心不全とは
心不全は疾患名ではなく、心臓の機能が低下して全身に必要な血液を送ることができなくなった状態です。狭心症や心筋梗塞といった虚血性心疾患、心筋症、弁膜症などの心疾患が進行して起こります。心臓だけでなく、全身が血液不足になるため、さまざまな症状を起こします。
心不全の症状
心臓のポンプ機能が低下して全身に十分な血液が供給されなくなって起こる症状と、全身の末梢血管から血液が戻りにくくなってうっ滞することで起こる症状があります。
主な症状
- 動悸
- 息切れ
- 呼吸困難
- むくみ(浮腫)
階段や坂道を上る際に動悸や息切れが起こるのが初期症状です。進行するとただ歩くだけで息切れするようになって、さらに進行すると安静時にも息苦しさが起こります。また就寝時の咳や足のむくみもよくある症状です。
ポンプ機能低下による症状
筋力低下、疲労、脱力
血液量の低下によって、筋力低下や疲れやすさを起こします。
手足の冷え、チアノーゼ
末梢に届く血液が減少して、手足の指先や頬、耳たぶなどが冷え、青みを帯びます
夜間頻尿
初期症状として、夜間頻尿を起こすことがあります
血液のうっ滞による症状
息切れ
血液が心臓に戻りにくくなると、肺で血液がうっ滞して血液中の水分がしみ出してしまい、息切れしやすくなります。
呼吸困難
発作性夜間呼吸困難は夜間に就寝していて起こる呼吸困難で、気管支喘息と似ています。起き上がって座った状態で安静を保つと呼吸が楽になります。
むくみ(浮腫)
血液が戻りにくくなってうっ滞した静脈から水分がしみ出てむくみを起こします。足は心臓から最も遠く、重力の影響を強く受けるためうっ滞しやすく、むくみを起こしやすい傾向があります。すねの下部を強く指で押してから離すとくぼみが残った場合、むくみがあります。また、短期間に体重が増えた場合にはむくみが疑われます。
その他
食欲不振、肝腫大、頸静脈の怒張などを起こすこともあります。
自覚症状に乏しい高齢者の心不全
高齢者は自覚症状が乏しいケースが多く、また労作時の息切れなどを年のせいと感じてしまうこともよくあるため、兆候が見逃されてしまうことがあります。ちょっとした体調の悪化で心不全症状を現して調べてみると進行した心疾患があることがわかる場合もあります。また、心不全で心臓からの血流が不足し、脳循環障害によって痴ほう症状など精神症状を起こしていることもあります。
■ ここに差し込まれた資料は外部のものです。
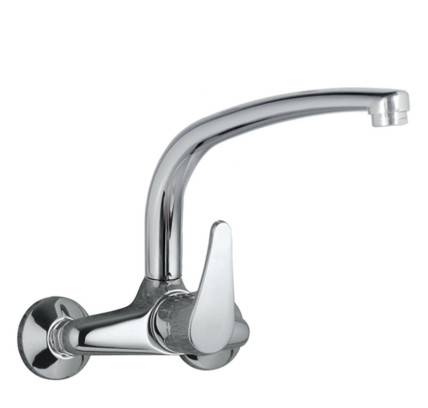 GRIFO MONOMANDO MURAL PARA COCINA TRES ESPACIO DE COCINA CROMO 17033202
高齢になると全身の水分量が減少しますから、血液不足による障害やむくみなどが出やすくなります。心臓に血液が戻ることも障害されやすい傾向があって、一般的な検査では原因を見極められずに悪化させてしまうことも多くなっています。
高齢者の場合には、症状があったらすぐに循環器内科を受診することが特に重要です。